Here’s the scenario: The company is a B2B distributor of printing equipment and supplies. It was founded by a team of three people with a financial backer 14 years ago. In 2010, their 52 sales reps brought in just over $60 million in revenue. Annual sales growth has settled in right around 18%. They wouldn’t divulge their profits, but I did hear about one employee’s recent vacation on the rags-to-riches owner’s 74 foot yacht.
Let those facts sink in for a few minutes. B2B; distribution; commodity & close-to-commodity product set; solid, steady sales growth; lots-O-profit. When you walk around the sales office, you can literally feel the “What recession?” vibe. All of this however, is not the interesting part of the story. The title of the guy I met with is the best summary of the really cool part.
Vice President of Sales, Marketing and Information Technology.
Huh? I’ve met hundreds of Sales VPs. I’ve met hundreds of Marketing VPs. I’ve met hundreds of IT VPs. I had never met an all-in-one before. (Would he be a VP of SMIT???)
I thought I understood the e-Rep concept pretty darned well. This dude put me to shame. He not only understands the theory behind The 3 Facets Of e-Rep, he’s led the design, implementation and operation of by far the best I’ve ever seen. He is rightfully proud of how they’ve integrated their web site, social media tools, web analytics, CRM, ERP and telephone systems. I’ve never seen anything quite like it. Frankly, I had never really even thought much about web analytics/CRM integration.
A non-disclosure agreement keeps me from sharing a whole lot of detail, but I can relate the three elements of their remarkably effective overall sales strategy:
- As much as possible, avoid hiring sales people, marketing people and IT people. Hire people with equal parts of all three disciplines – or who are willing to learn and fill in their personal knowledge gaps.
- Intelligently choose and tightly integrate a set of sales tools (In this case it’s a web site, blog, RSS, FaceBook, Twitter, LinkedIn, YouTube, Microsoft Dynamcis CRM, Sales Fusion, a home-grown ERP and a robust telephone system)

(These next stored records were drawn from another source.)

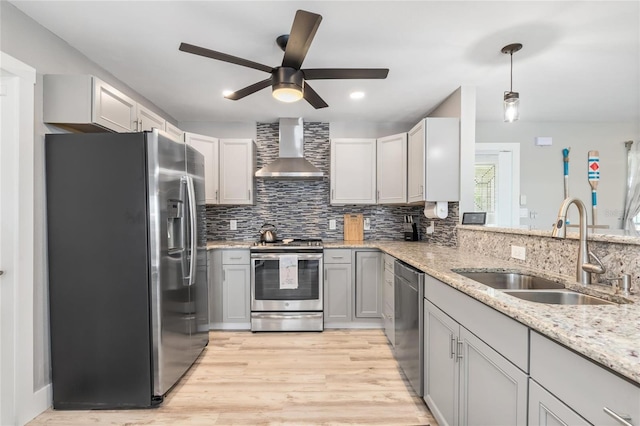 141 Baldwin Ct SE, Port Charlotte, FL 33952 - kitchen featuring appliances with stainless steel finishes, wall chimney exhaust hood, ceiling fan, light wood-style flooring, and backsplash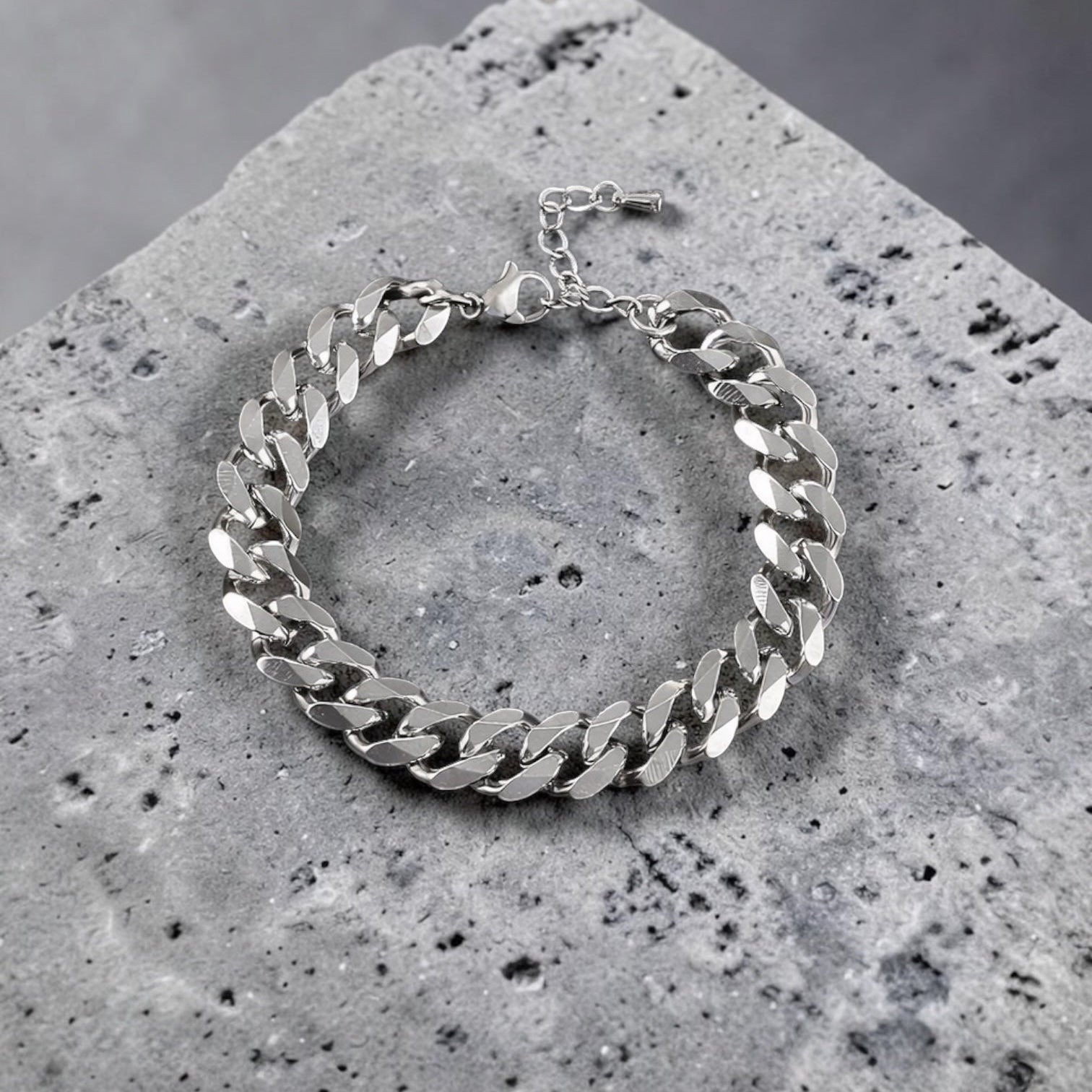 Silver chain bracelet on a textured stone surface with a gray background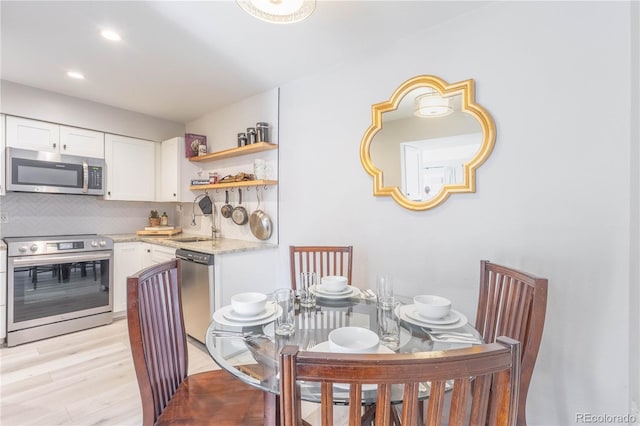 dining area with light wood-type flooring and sink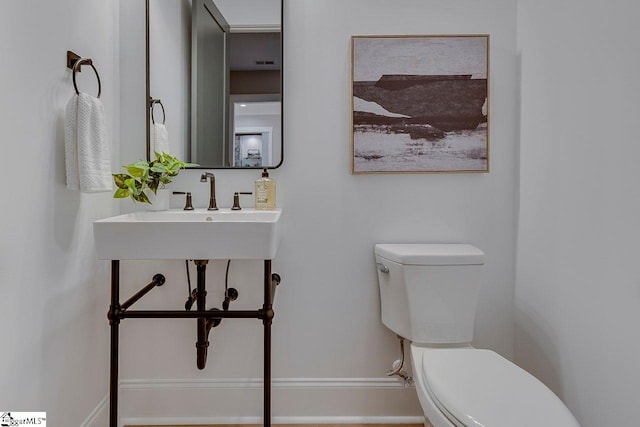 205 Fairview Dr, Greenville, SC 29609 - bathroom featuring toilet, a sink, and baseboards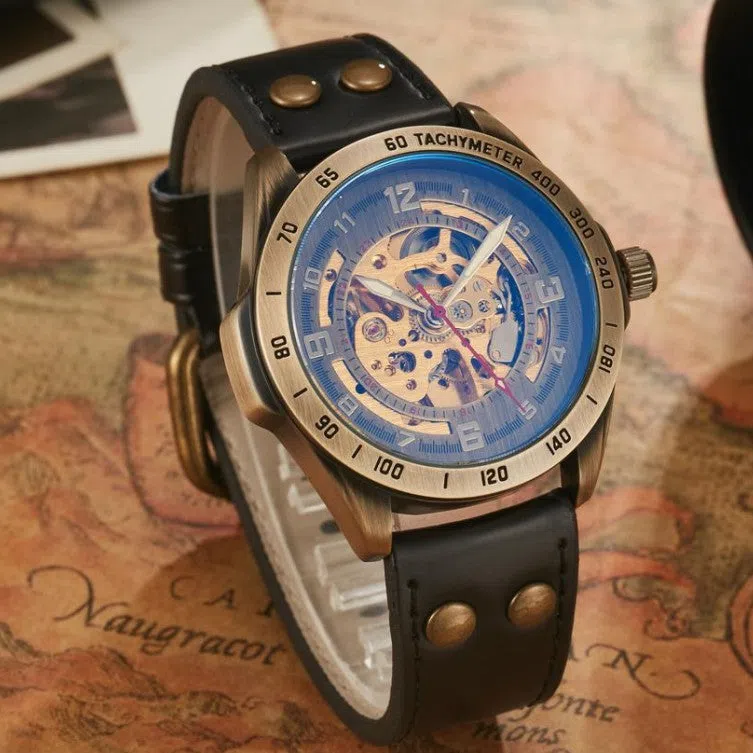 Men's automatic mechanical watch with hollowed-out round dial, 42mm alloy case, genuine leather strap, and transparent case back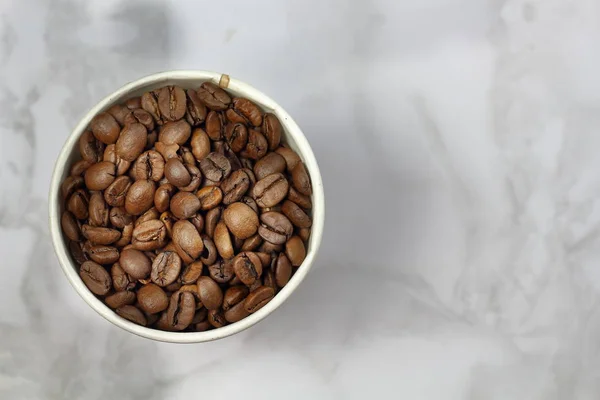 Coffee Beans Paper Cup Marble Surface Top View Copy Space — Stock Photo, Image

- Maintain a sales culture that ardently embraces the disciplined, consistent use of all sales tools based on a formal, metrics-driven sales process.
Part of me wants to say this is a radical departure from the norm. I won’t though. The only thing radical about it is that this outfit has actually done it! Virtually every sales leader I bump into talks the talk. You’ve either heard it or said something like it yourself… “Members of our sales team are above average, appreciate and work closely with their marketing counterparts and are very astute with regard to leveraging technology to sell more faster.” I say, “Bull feathers!”
This is the first instance I have seen of a sales team truly walking the walk.
How close are you? How hard are you really trying?